En réaction, les manifestants mettent alors le feu à un gros tas de palettes, dont les flammes vont se répandre aux broussailles environnantes. Puis ils se dirigent vers les camions de CRS prépositionnés pour protéger le dépôt.
- "Un gros chat et plein de souris" -
Projectiles chez des manifestants, gaz lacrymogènes du côté des forces de l'ordre: "Oh, ça pique les gars, vous avez un chef ?", lance Olivier Mateu à des policiers à l'arrière.
Des grévistes positionnés sur une passerelle en surplomb jettent des pierres et même des palettes, avant d'être délogés par des CRS.
Selon la Préfecture de police, trois policiers ont été "blessés sérieusement" lors des incidents, dont deux au moins ont été transférés à l'hôpital de Martigues avec des fractures ouvertes.

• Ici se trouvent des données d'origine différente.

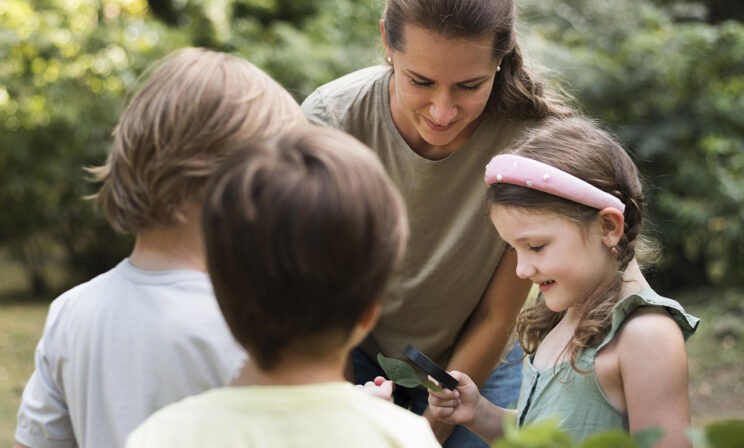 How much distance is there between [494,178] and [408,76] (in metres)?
0.45

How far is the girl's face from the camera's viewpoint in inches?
102

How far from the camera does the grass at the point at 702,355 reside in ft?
21.7

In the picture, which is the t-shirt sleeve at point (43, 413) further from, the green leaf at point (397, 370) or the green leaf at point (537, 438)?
the green leaf at point (537, 438)

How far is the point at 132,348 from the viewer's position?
206cm

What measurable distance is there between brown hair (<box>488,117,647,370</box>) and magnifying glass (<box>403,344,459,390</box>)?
1.03ft

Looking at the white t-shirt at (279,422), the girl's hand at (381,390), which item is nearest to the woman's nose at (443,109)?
the girl's hand at (381,390)

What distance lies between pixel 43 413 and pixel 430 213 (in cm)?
137

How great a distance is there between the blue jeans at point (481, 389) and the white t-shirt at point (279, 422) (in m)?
1.60

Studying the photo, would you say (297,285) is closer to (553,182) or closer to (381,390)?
(381,390)

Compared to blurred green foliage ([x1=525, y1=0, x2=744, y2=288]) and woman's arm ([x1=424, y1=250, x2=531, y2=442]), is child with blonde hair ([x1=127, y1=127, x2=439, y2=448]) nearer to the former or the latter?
woman's arm ([x1=424, y1=250, x2=531, y2=442])

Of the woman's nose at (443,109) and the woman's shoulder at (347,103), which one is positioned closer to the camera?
the woman's nose at (443,109)

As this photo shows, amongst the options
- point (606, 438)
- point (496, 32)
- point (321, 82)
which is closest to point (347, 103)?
point (496, 32)

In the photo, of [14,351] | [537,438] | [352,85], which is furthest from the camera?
[14,351]

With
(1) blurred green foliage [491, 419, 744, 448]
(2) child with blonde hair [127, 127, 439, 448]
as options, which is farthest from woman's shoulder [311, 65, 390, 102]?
(1) blurred green foliage [491, 419, 744, 448] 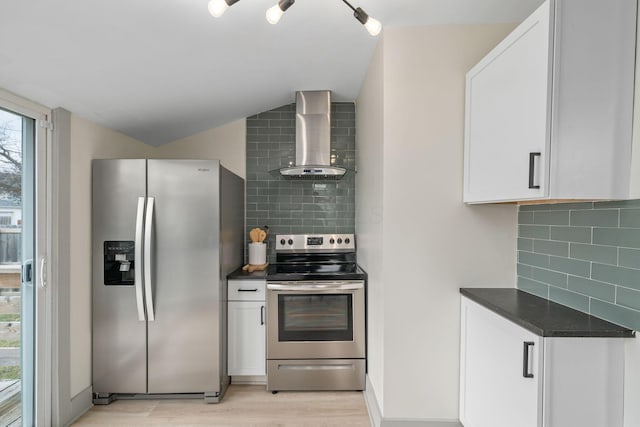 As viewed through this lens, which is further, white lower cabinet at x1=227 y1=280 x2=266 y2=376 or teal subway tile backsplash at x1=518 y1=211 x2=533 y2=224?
white lower cabinet at x1=227 y1=280 x2=266 y2=376

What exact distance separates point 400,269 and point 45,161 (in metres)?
2.25

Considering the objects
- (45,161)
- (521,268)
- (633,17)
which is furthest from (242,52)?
(521,268)

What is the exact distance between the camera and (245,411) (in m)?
2.49

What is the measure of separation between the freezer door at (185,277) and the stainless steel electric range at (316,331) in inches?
17.5

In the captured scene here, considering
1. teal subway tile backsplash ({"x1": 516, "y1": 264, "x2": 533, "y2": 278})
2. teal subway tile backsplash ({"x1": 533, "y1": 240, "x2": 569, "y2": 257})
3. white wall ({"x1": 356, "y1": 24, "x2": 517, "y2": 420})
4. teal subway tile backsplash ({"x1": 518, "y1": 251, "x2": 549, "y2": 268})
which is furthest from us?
white wall ({"x1": 356, "y1": 24, "x2": 517, "y2": 420})

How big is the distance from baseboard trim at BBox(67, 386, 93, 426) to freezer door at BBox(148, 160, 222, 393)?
1.38ft

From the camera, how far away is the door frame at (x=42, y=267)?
6.88 feet

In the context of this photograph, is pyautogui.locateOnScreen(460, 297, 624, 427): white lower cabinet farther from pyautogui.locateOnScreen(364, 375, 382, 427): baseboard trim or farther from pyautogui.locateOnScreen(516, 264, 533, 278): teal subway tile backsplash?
pyautogui.locateOnScreen(364, 375, 382, 427): baseboard trim

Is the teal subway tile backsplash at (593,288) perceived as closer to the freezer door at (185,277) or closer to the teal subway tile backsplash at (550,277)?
the teal subway tile backsplash at (550,277)

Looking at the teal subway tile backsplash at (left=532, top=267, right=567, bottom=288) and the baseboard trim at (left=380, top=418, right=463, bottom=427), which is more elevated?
the teal subway tile backsplash at (left=532, top=267, right=567, bottom=288)

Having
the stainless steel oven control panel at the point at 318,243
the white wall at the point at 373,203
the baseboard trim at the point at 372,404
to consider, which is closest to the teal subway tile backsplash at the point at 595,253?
the white wall at the point at 373,203

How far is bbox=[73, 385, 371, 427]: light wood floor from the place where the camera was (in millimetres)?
2338

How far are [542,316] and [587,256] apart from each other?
1.09 feet

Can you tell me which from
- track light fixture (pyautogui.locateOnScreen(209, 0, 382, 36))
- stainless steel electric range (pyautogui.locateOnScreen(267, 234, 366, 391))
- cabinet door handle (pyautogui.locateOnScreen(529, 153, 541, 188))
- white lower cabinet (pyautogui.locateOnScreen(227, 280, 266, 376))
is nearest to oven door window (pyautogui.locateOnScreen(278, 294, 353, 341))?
stainless steel electric range (pyautogui.locateOnScreen(267, 234, 366, 391))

Quelques minutes avant les tensions, le patron de la CGT 13 avait prévenu: "On va rester tout ce qu'on peut.... Il y aura un gros chat et tout plein de souris". Car pour Olivier Mateu, qui revendique une ligne dure à la CGT, "l'ordre public, c'est nous": "Il y aura la ligne de la répression et la ligne des hommes et des femmes dignes, debout".
Au large, des dizaines de méthaniers sont bloqués sur la Méditerranée, donnant un air de fin du monde à ce paysage industrialo-portuaire. "Les méthaniers qui attendent au large, ça coûte une blinde. Nous, on ne cherche pas à pénaliser les particuliers ou les entreprises, mais on fait des coupures ciblées ou des blocages pour toucher au porte-monnaie de nos employeurs", justifie Nicolas Davan.
En début d'après-midi, les manifestants ont finalement reculé, le calme est revenu et, selon la préfecture de police, le dépôt fonctionnait normalement.
Côté médias, nombreux sur place, un photographe et un vidéaste ont été agressés par des manifestants, avec une caméra détériorée, a constaté l'AFP.
"J'en veux pas aux CRS qui obéissent aux ordres mais aux politiques", a dit Stéphane Rachet, père de famille de 51 ans venu d'Arles. Pour lui, lors de son intervention mercredi, le président Emmanuel Macron devra "enfin sortir de sa torpeur" et retirer sa réforme des retraites.
"On est au bord de l'insurrection en France, il va y avoir des blocages dans tous les sens", avait prévenu mardi matin Christophe Claret, secrétaire général des dockers CGT du port de Marseille-Fos.